Frindle and The Landry News show remarkable insight into daily school life, humanizing the most unlikeable teaches and exploring the myriad relationships that occur in a school. All this, while writing at a low enough level that all students can enjoy his books.
The Landry News tells the story of Cara Landry, a born reporter who observes everything, including the worst in everyone. Her 5th grade teacher is Mr. Larson, a once-great teacher teacher who has slipped into lazily reading the paper while his students teach themselves. I found the description of Mr. Larson's classroom fascinating, "Each square inch of wall space and a good portion of the ceiling were covered with maps, old report covers, newspaper clippings, diagrammed sentences, cartoons, Halloween decorations, a cursive handwriting chart, quotations from the Gettysburg Address and the Declaration of Independence, and the complete Bill of Rights--a dizzying assortment of historical, grammatical, and literary information" (5). I would have loved to learn in that classroom! Cara creates her own newspaper, complaining about Mr. Larson's lack of teaching, which spurs a journalism unit that teaches the students about bureaucracy and threatens Mr. Larson's career.

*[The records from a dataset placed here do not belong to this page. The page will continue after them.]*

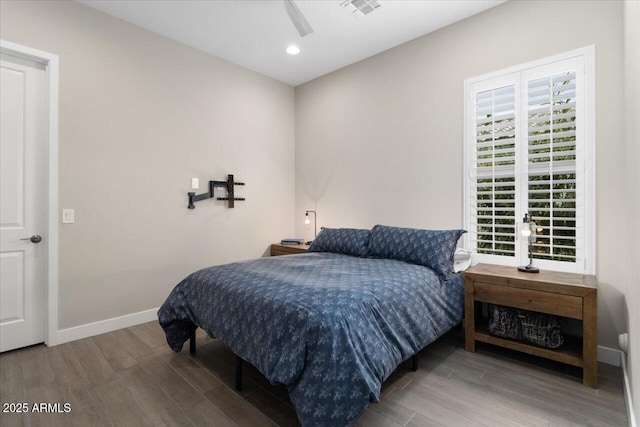 bedroom with ceiling fan and hardwood / wood-style flooring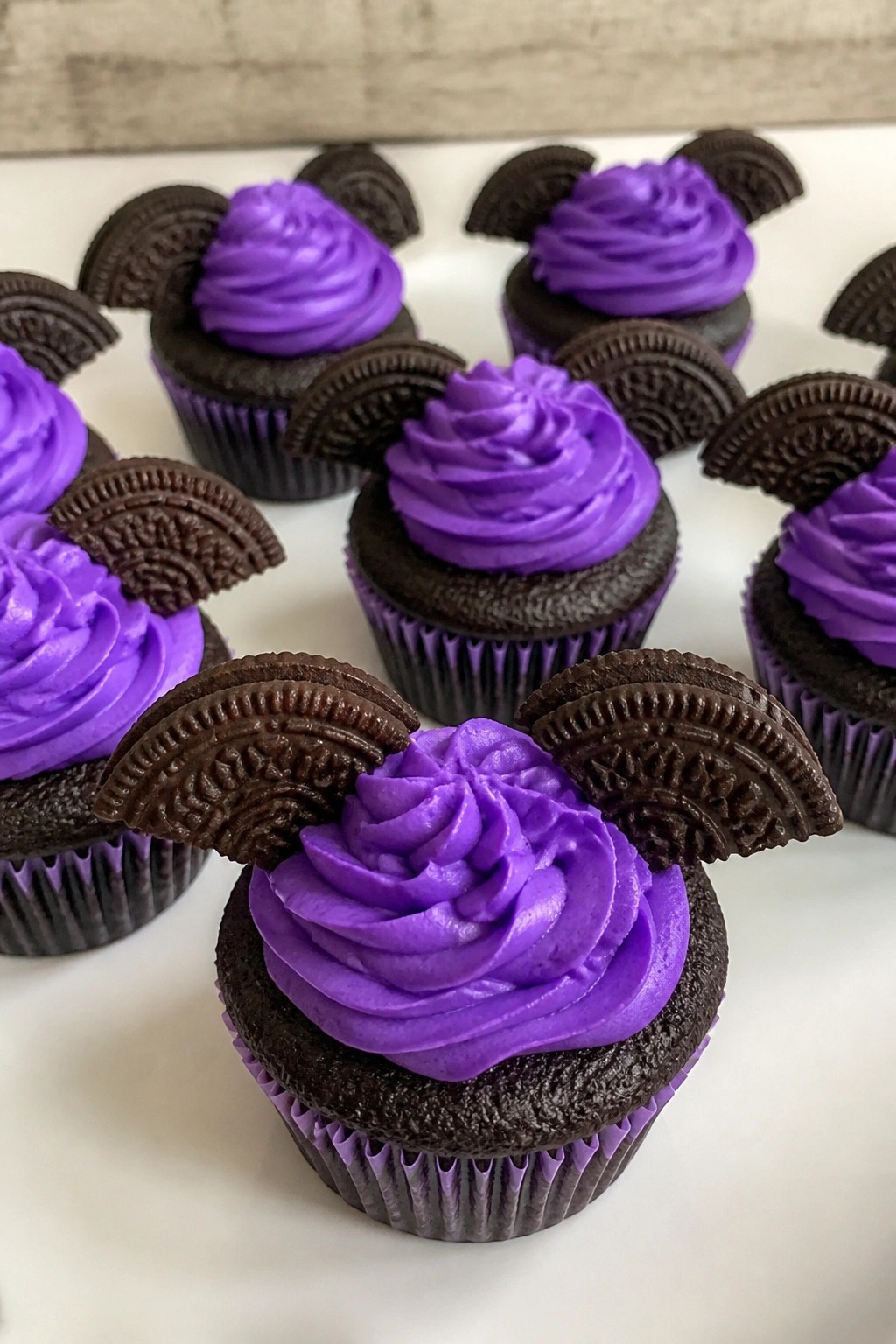 Bat Wing Dark Chocolate Cupcakes with Purple Buttercream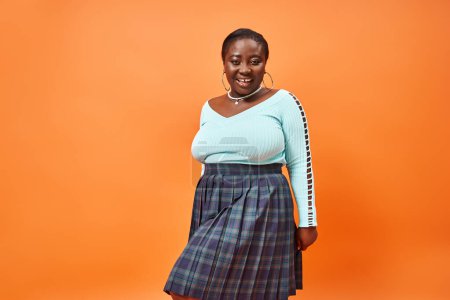 Téléchargez les photos : Gai plus la taille femme afro-américaine en jupe à carreaux et manches longues souriant sur fond orange - en image libre de droit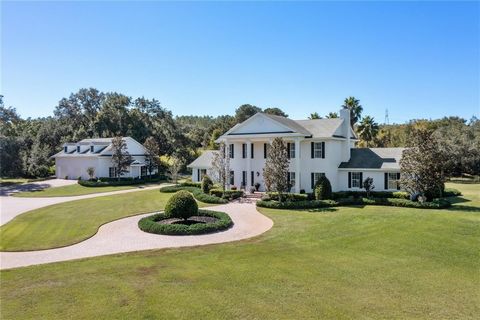 Welcome to this stunning 10-acre estate featuring a custom-built traditional-style two-story home and matching detached garage, meticulously constructed by Sam S. Sadler III, Inc. in 2004. The property boasts well-manicured mature landscaping and off...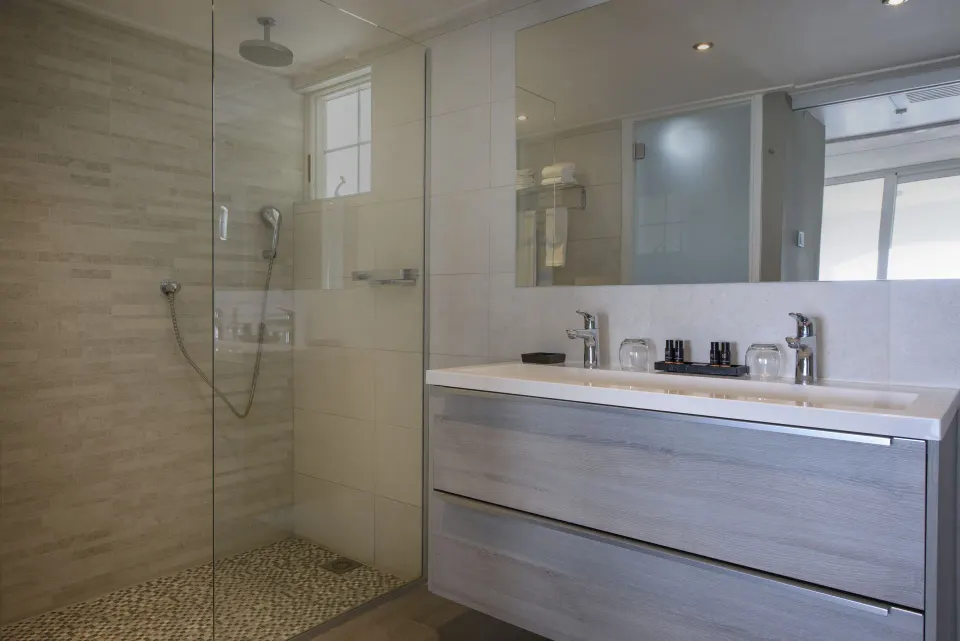Royal Three Bedroom Apartment bathroom with glass shower at Avila Beach Hotel.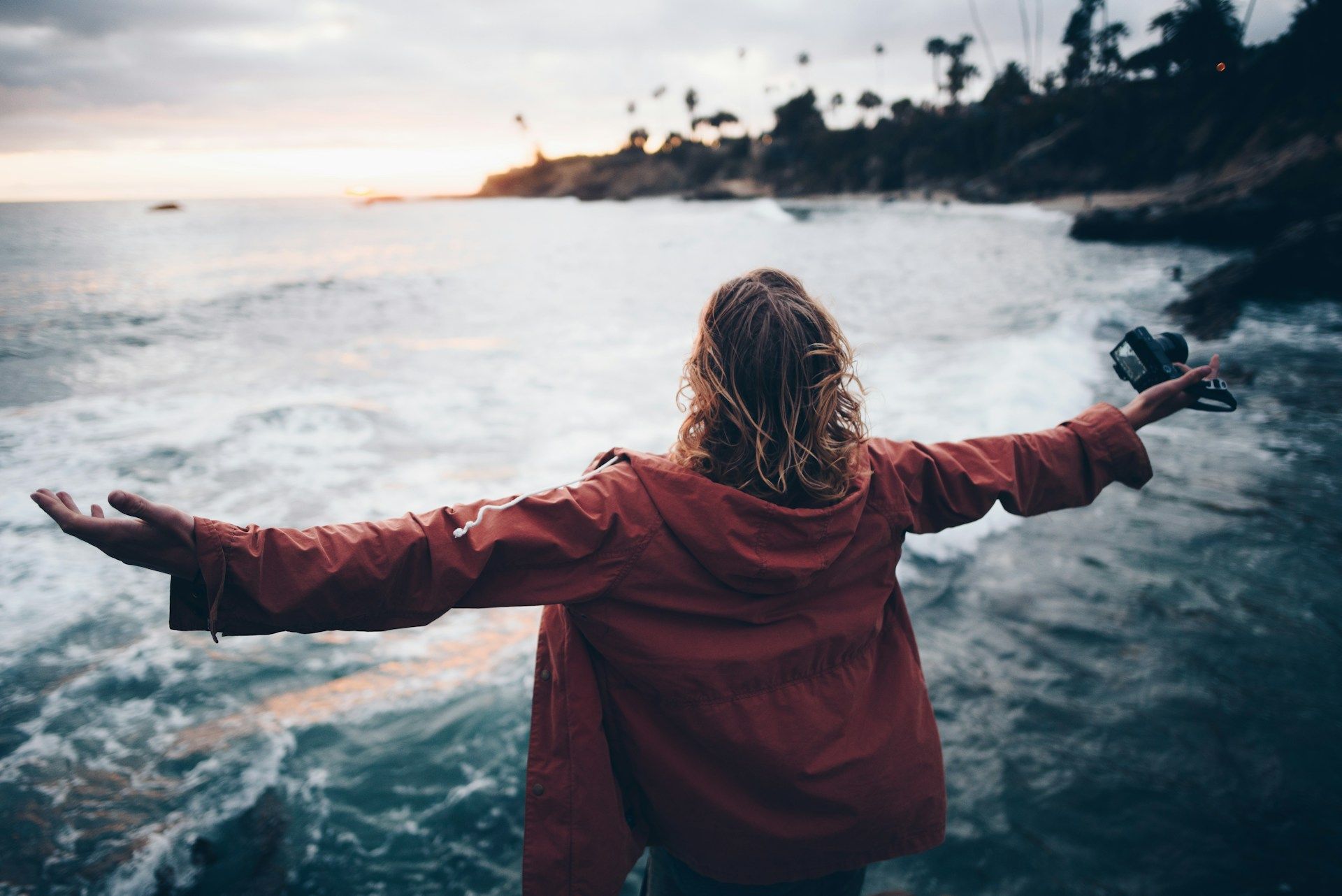 Woman near water with a sense of freedom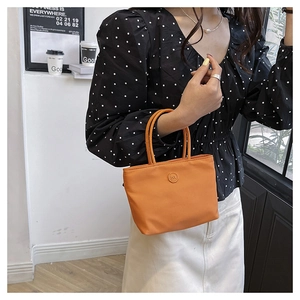 Détail d'un sac seau en nylon orange avec logo m porté par un mannequin dans un café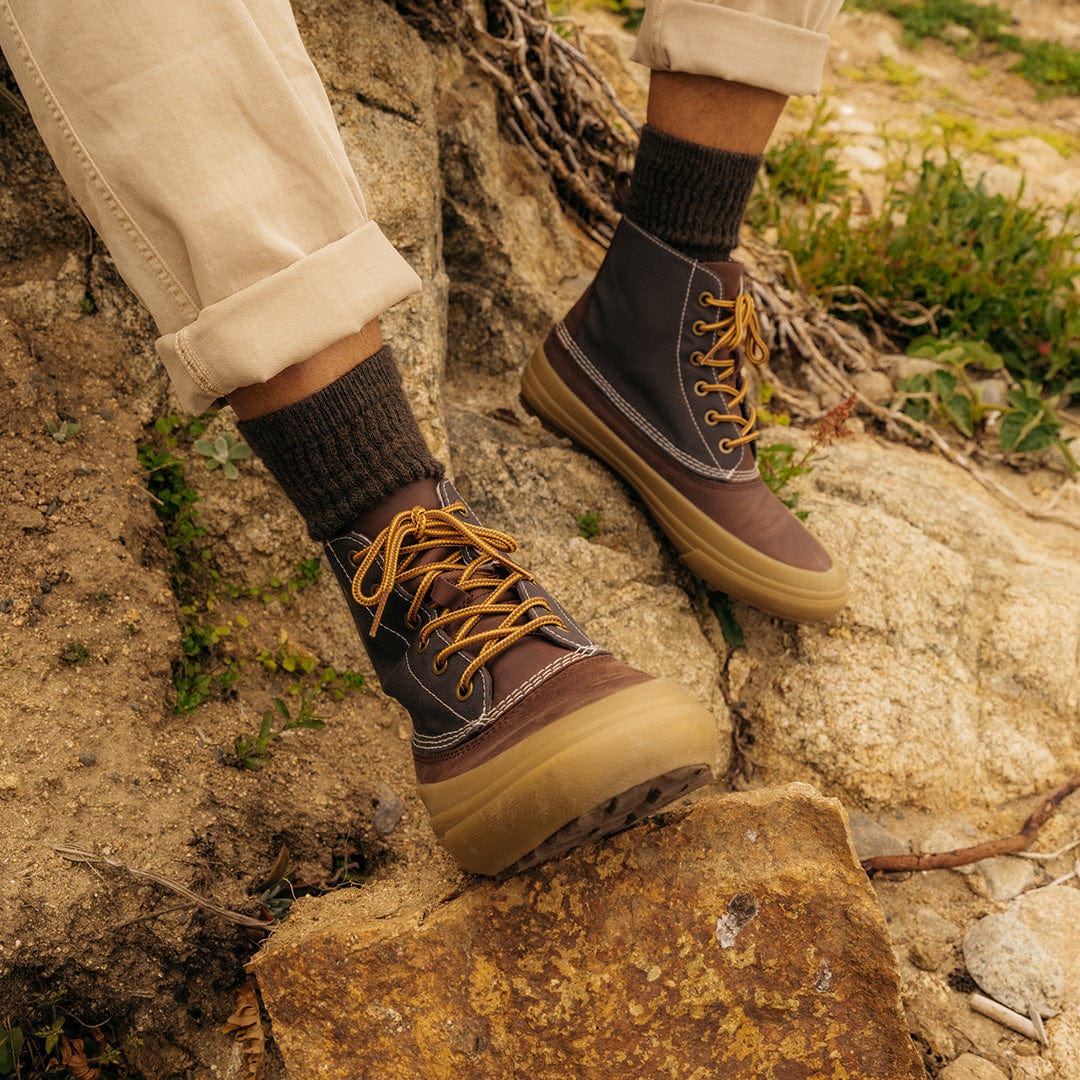 Person wearing Hickory/Charcoal Cascade Range Boots leaning against a white fence, highlighting their rugged outdoor style.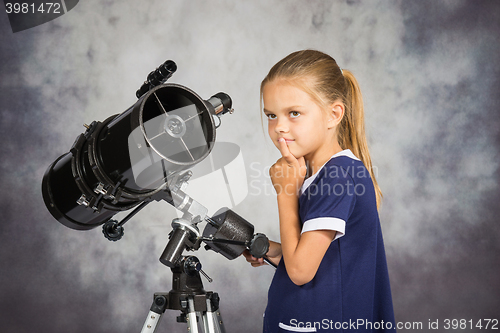 Image of Seven-year girl looks at the sky while standing at the telescope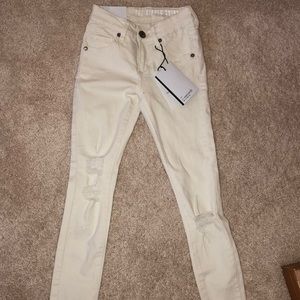 Cream-white colored Jeans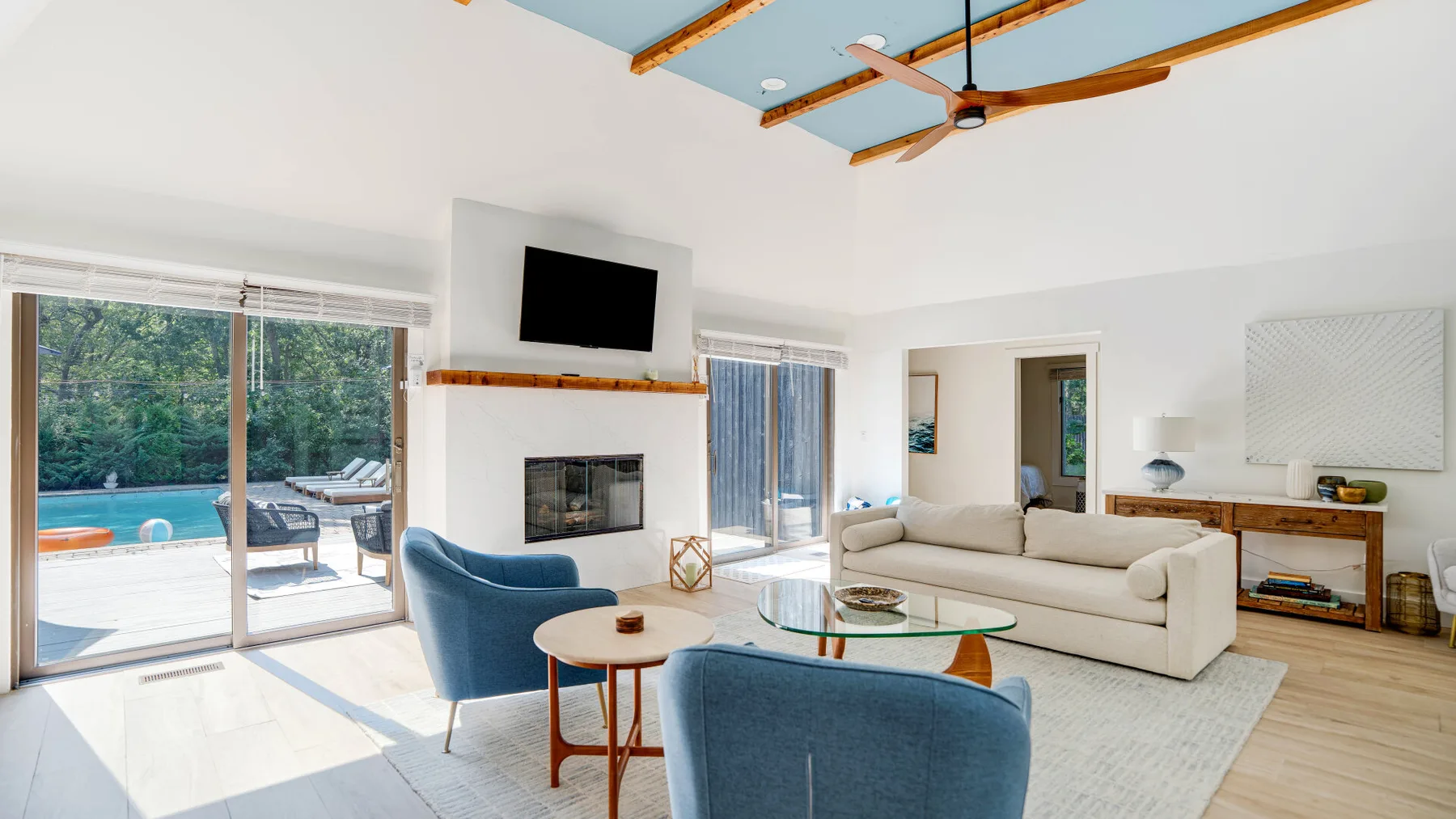 Una sala luminosa con asientos azules, una chimenea y puertas corredizas de vidrio.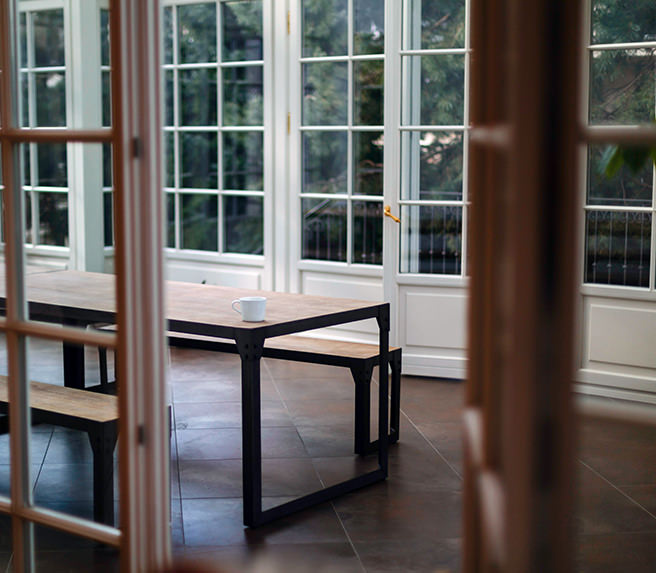 Dining table in a conservatory Dining table in a conservatory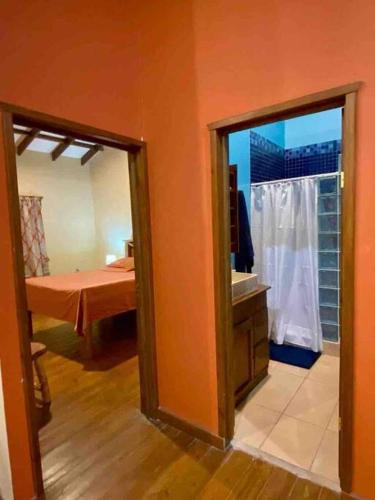 a room with a bedroom with a bed and a mirror at Casa Café Roatan, Honduras in Punta Blanca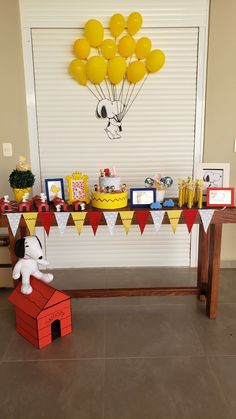 a birthday party with balloons and decorations on the wall, including a doghouse cake table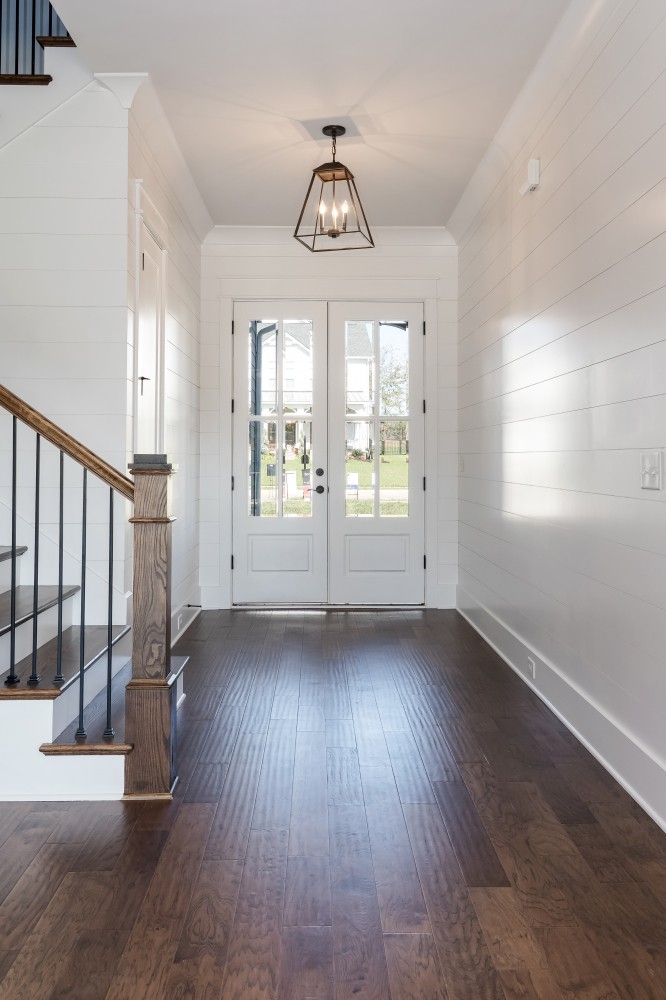 997 Spruce Ridge Lane Spring Hill, TN 37174 - Photo 5 of 30 an empty room with wooden floor fan and windows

My favorite aspect of The Landry News is the respect with which Clements treats his audience. He knows that developing readers deserve (and need) plots that make them think. My mind is filled with ways to incorporate his novels into the classroom: as summer reading for students entering the sixth grade, as an author study, or with other books to discuss the portrayal of adults and teachers in literature. As his novels are such quick reads, I will be checking out the rest of his oeuvre in one large chunk. Read this now!